Firstly, we wish to acknowledge the efforts of the contributors to this special edition of the NZAIA Impact Connector. These are very demanding times for everyone and yet they’ve delivered a diverse and very engaging set of articles.
Thank you all.
With this edition of Impact Connector, we’re focusing on risk and impact assessment. Risk assessment and impact assessment are disciplines that have evolved in parallel and have an intriguing and overlapping relationship. Indeed, debate continues about whether they are, in fact, distinctly different or not.
We won’t resolve the debate here, and it’s not our intention to do so. We can and will, however, refer you an excellent early treatise by Andrews (1) on the subject and Martina Zelenakova’s paper (2) on the integration of risk assessment with the environmental impact assessment (EIA) process. From these you can explore the relationship between the disciplines.
This edition of Impact Connector serves as an introduction to risk assessment and offers new and innovative ways of understanding and responding to risk.

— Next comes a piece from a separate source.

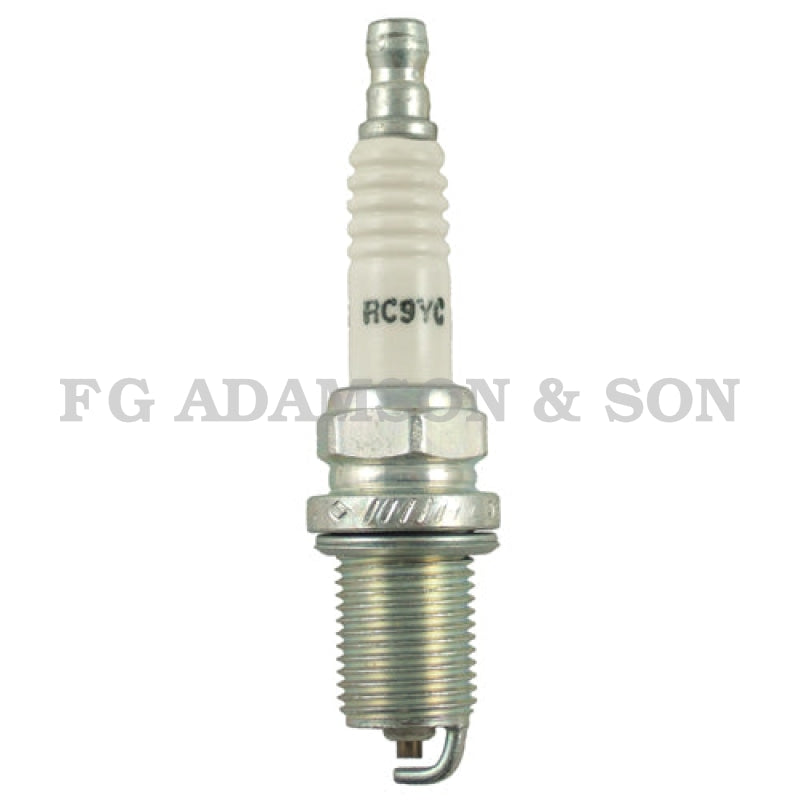 Champion Spark Plug - RC9YC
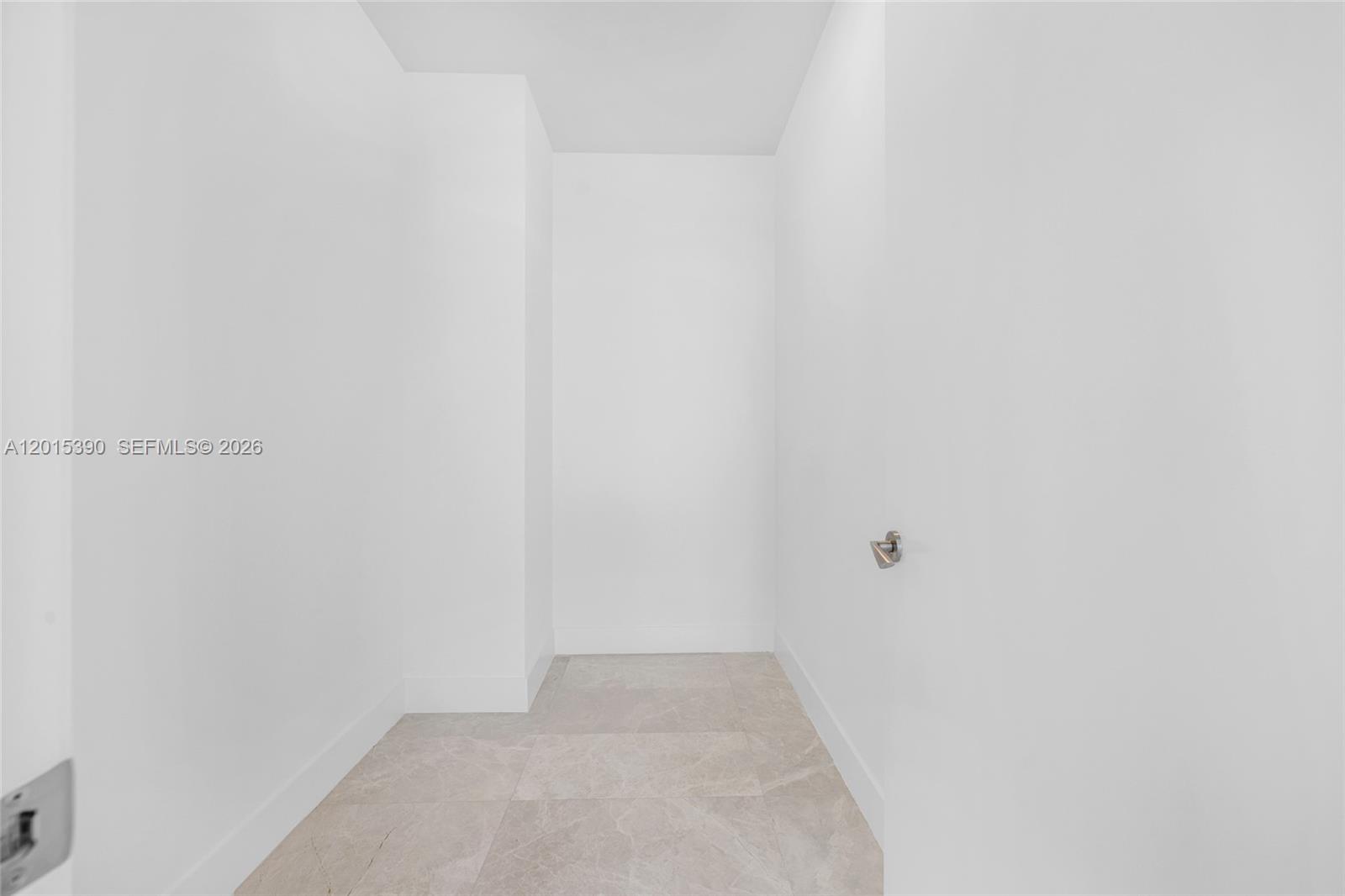 175 Southeast 25th Road, Unit 1203 Miami, FL 33129 - Photo 41 of 93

It also describes case studies where a variety of methods were applied to understand the risk from natural hazards and climate change. We don’t explore public health risk or many other sub-domains of risk assessment and, intentionally, the focus has been on risks presented by natural hazards.

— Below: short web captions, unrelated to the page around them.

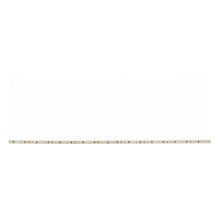 Synergy 21 LED Flex Strip 2022 - 240 KW DC24V 48W SLIM IP20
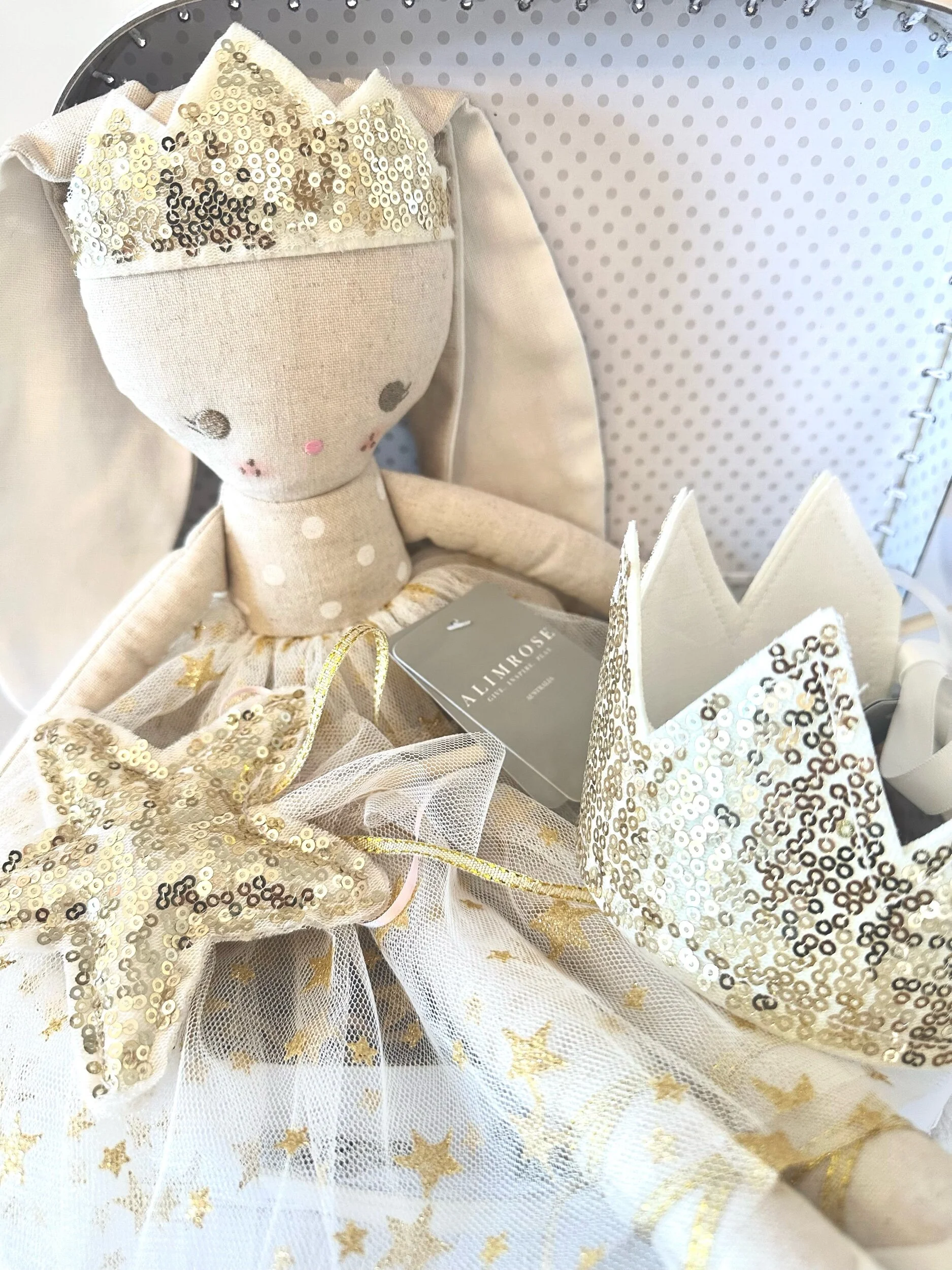 AA98A36F-D3D0-4CFF-8C38-6C92BE32794F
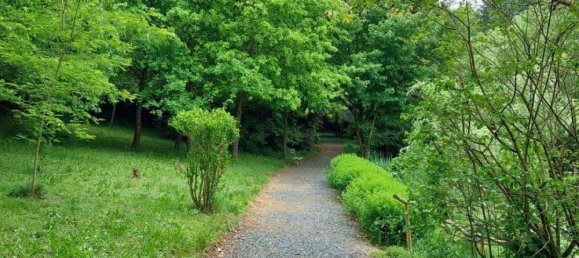 5-Zimmer Haus in Eltendorf, Austria, Nr. 170157 29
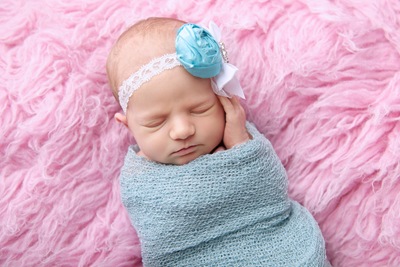 06-18-12 Raegan (22) color 06-18-12 Raegan (22) color
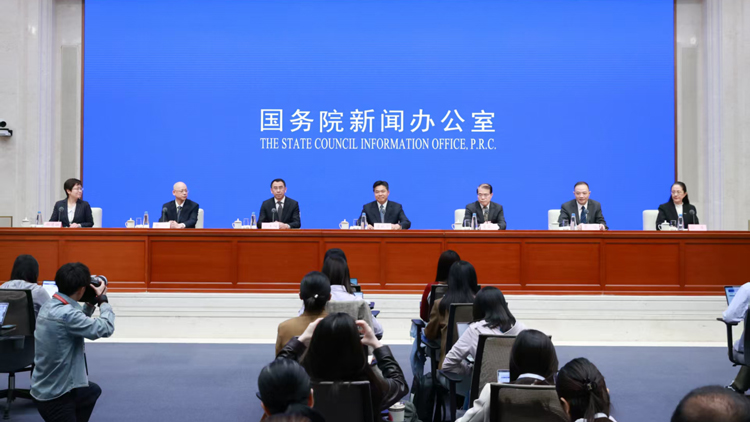 專家：香港與內地可探索退稅政策互聯互通 推動粵港澳大灣區消費協同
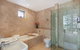 Oceanfront Penthouse Stylish & Luxurious. - thumb 2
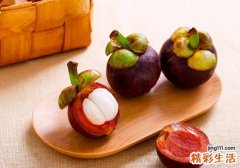 人流后可以吃山竹吗 适合人流后吃的水果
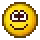 net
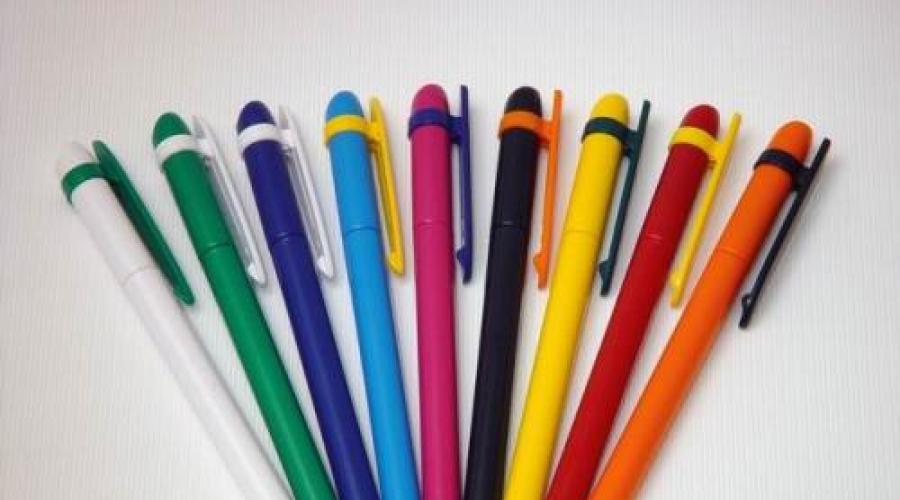 Сборка шариковых ручек. Шариковые ручки сборка. Расписные шариковые ручки. Самые лучшие ручки для школьника. Производство шариковой ручки.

We begin with an engaging piece from Jack Krohn of the Victorian State Government in Australia that challenges our overuse of jargon and offers a perspective on the application of impact and risk assessment from Australia. This sets the scene well for our other papers.
We then hear from Rob Bell, who after many years leading a critically important research programme on natural hazards and risk with NIWA, provides justification for an adaptive approach to responding to uncertainty. Both risk assessment and impact assessment can incorporate this paradigm when specifying approaches to mitigate risk and impact over time.

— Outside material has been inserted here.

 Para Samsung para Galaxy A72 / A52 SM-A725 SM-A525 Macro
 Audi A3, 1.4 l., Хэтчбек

Then Matt de Boer of the New Zealand Climate Commission, and formerly with Northland Regional Council (NRC), gives his perspective on how risk assessment helps inform an understanding of the impacts of climate change and how he and his former team at NRC approached climate risk assessment and adaptation planning in Northland Region of New Zealand.
Damon Coppola then writes about values-based impact assessment and emergency management, an approach where risks to what is valued by communities, including their vision of development, must be analysed and communicated clearly in order to engage communities effectively in addressing the potential impacts.
One of the toughest challenges in risk assessment is quantifying and communicating uncertainty. Bapon Fakhruddin and John Handmer of Tonkin & Taylor and RMIT University, respectively, give us an engaging example of how they’ve addressed this in the context of flood risk management.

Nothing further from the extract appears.